* **Dataset records**:
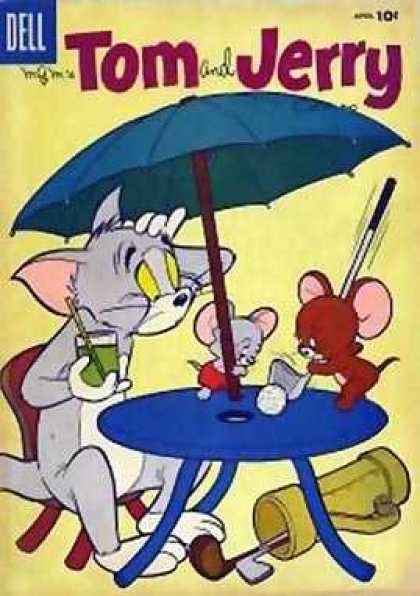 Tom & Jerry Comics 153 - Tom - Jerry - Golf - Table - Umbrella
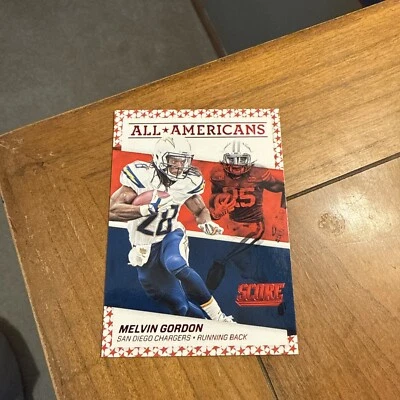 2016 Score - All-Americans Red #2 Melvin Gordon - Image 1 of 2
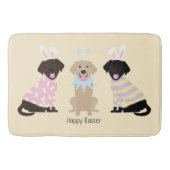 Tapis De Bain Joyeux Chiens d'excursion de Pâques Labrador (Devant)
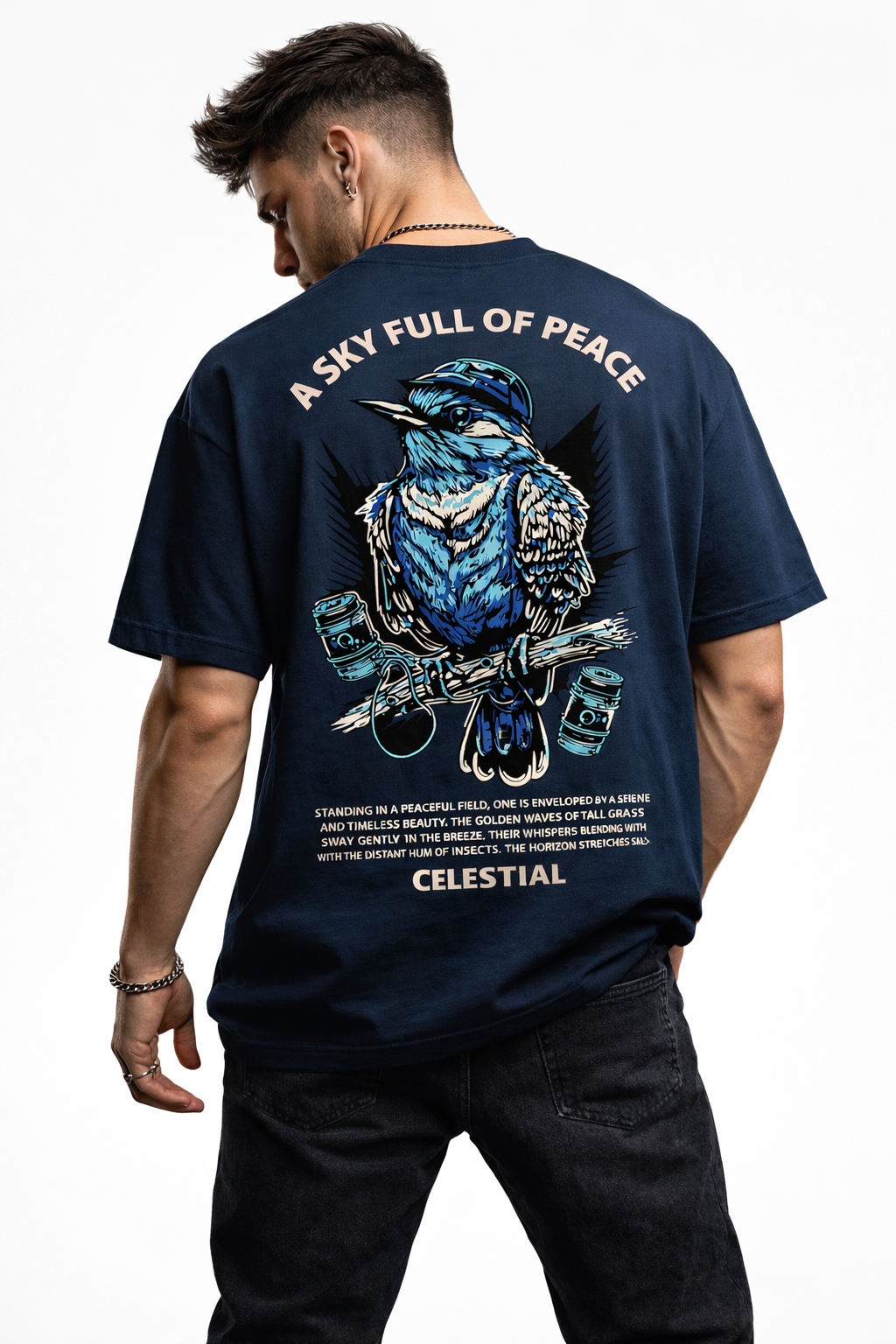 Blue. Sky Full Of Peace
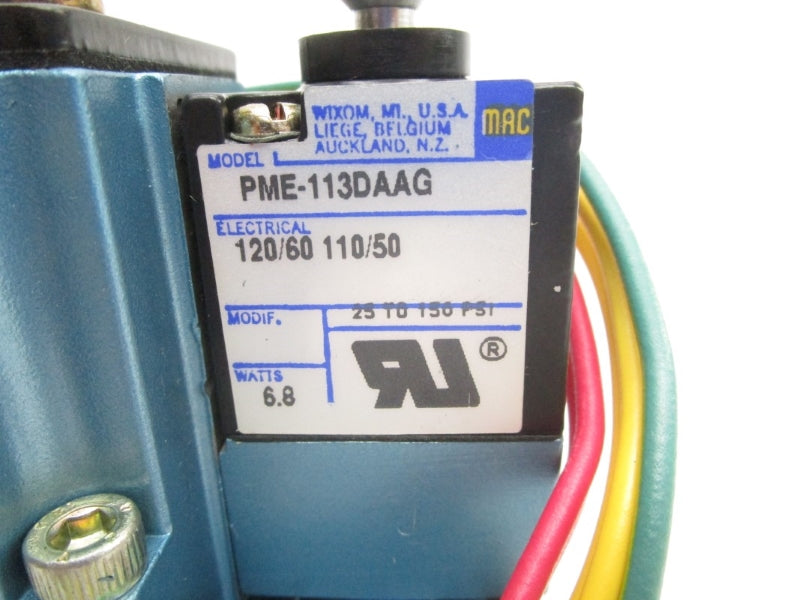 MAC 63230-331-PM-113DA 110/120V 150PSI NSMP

* * *

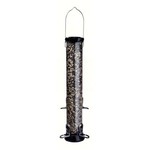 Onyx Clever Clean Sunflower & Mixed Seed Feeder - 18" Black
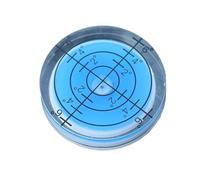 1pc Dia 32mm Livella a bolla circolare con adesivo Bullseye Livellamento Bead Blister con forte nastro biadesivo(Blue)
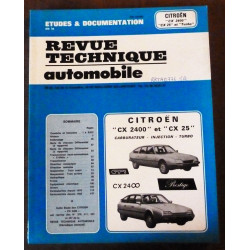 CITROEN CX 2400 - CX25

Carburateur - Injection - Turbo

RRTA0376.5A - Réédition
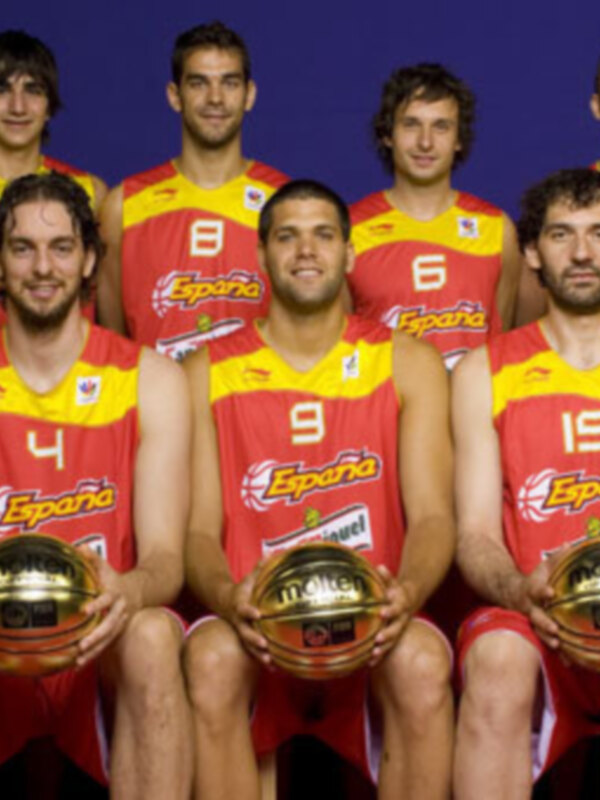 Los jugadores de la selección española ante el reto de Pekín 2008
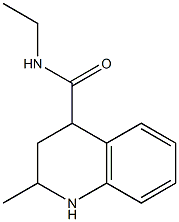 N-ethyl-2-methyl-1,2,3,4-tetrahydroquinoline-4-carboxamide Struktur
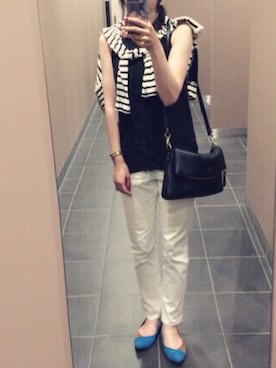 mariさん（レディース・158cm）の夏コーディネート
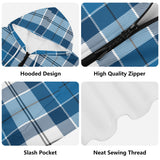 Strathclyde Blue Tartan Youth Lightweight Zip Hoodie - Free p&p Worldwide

==

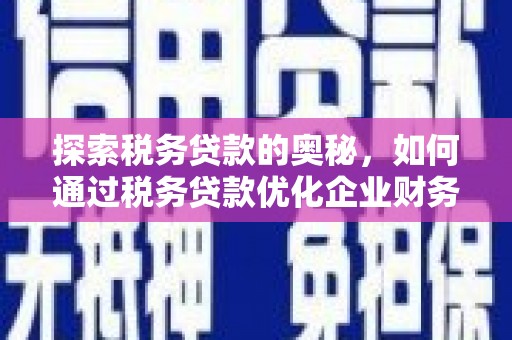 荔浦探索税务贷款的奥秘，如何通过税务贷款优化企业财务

* **The problem**: Look above for the line holding "Carburateur - Injection - Turbo" and output everything from it down to the line holding "Strathclyde Blue Tartan", both ends included, exactly and without images.

* **Solution**:
Carburateur - Injection - Turbo

RRTA0376.5A - Réédition
 Los jugadores de la selección española ante el reto de Pekín 2008
 N-ethyl-2-methyl-1,2,3,4-tetrahydroquinoline-4-carboxamide Struktur
 mariさん（レディース・158cm）の夏コーディネート
 Strathclyde Blue Tartan Youth Lightweight Zip Hoodie - Free p&p Worldwide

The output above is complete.